The beloved #1 New York Times bestseller, a "fiendishly plotted" (New York Times) "heart-in-your mouth adventure" (Washington Post) that "will take wing and soar into your heart" (Laurie Halse Anderson).
October 11th, 1943—A British spy plane crashes in Nazi-occupied France. Its pilot and passenger are best friends. One of the girls has a chance at survival. The other has lost the game before it's barely begun.
When "Verity" is arrested by the Gestapo, she's sure she doesn't stand a chance. As a secret agent captured in enemy territory, she's living a spy's worst nightmare.
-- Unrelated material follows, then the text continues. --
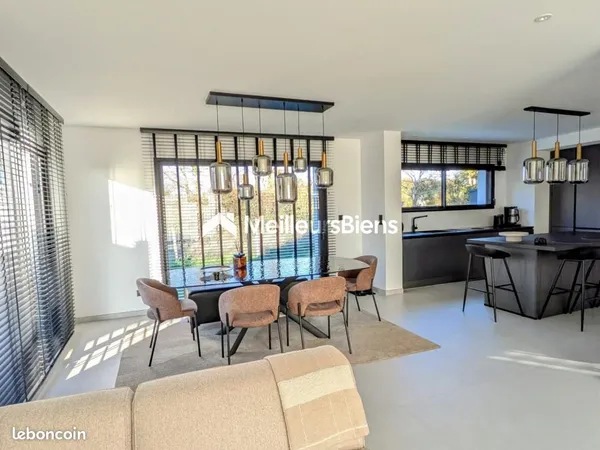 Maison 7 pièces 149 m² 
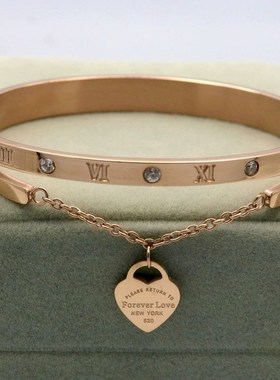 钛钢18K金色爱心罗马数t字镶钻宝石卡扣手镯 小众高级感开口手链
Her Nazi interrogators give her a simple choice: reveal her mission or face a grisly execution.
As she intricately weaves her confession, Verity uncovers her past, how she became friends with the pilot Maddie, and why she left Maddie in the wrecked fuselage of their plane. On each new scrap of paper, Verity battles for her life, confronting her views on courage, failure and her desperate hope to make it home. But will trading her secrets be enough to save her from the enemy?
A universally acclaimed Michael L. Printz Award Honor book, Code Name Verity is a visceral read of danger, resolve, and survival that shows just how far true friends will go to save each other.
PUBLISHERS WEEKLY
Wein (The Empty Kingdom) serves up a riveting and often brutal tale of WWII action and espionage with a powerful friendship at its core. Captured Scottish spy Queenie has agreed to tell her tale and reveal any confidential information she knows in exchange for relief from being tortured by Nazis. Her story, which alternates between her early friendship with a pilot named Maddie and her recent sufferings in prison, works both as a story of cross-class friendship (from an upper-crust family, Queenie realizes that she would likely never have met Maddie under other circumstances) and as a harrowing spy story (Queenie's captor, von Loewe, is humanized without losing his menace). Queenie's deliberately rambling and unreliable narration keeps the story engaging, and there are enough action sequences and well-delivered twists (including a gut-wrenching climax and late revelations that will have readers returning to reread the first half of the book) to please readers of all stripes. Wein balances the horrors of war against genuine heroics, delivering a well-researched and expertly crafted adventure. Ages 14 up.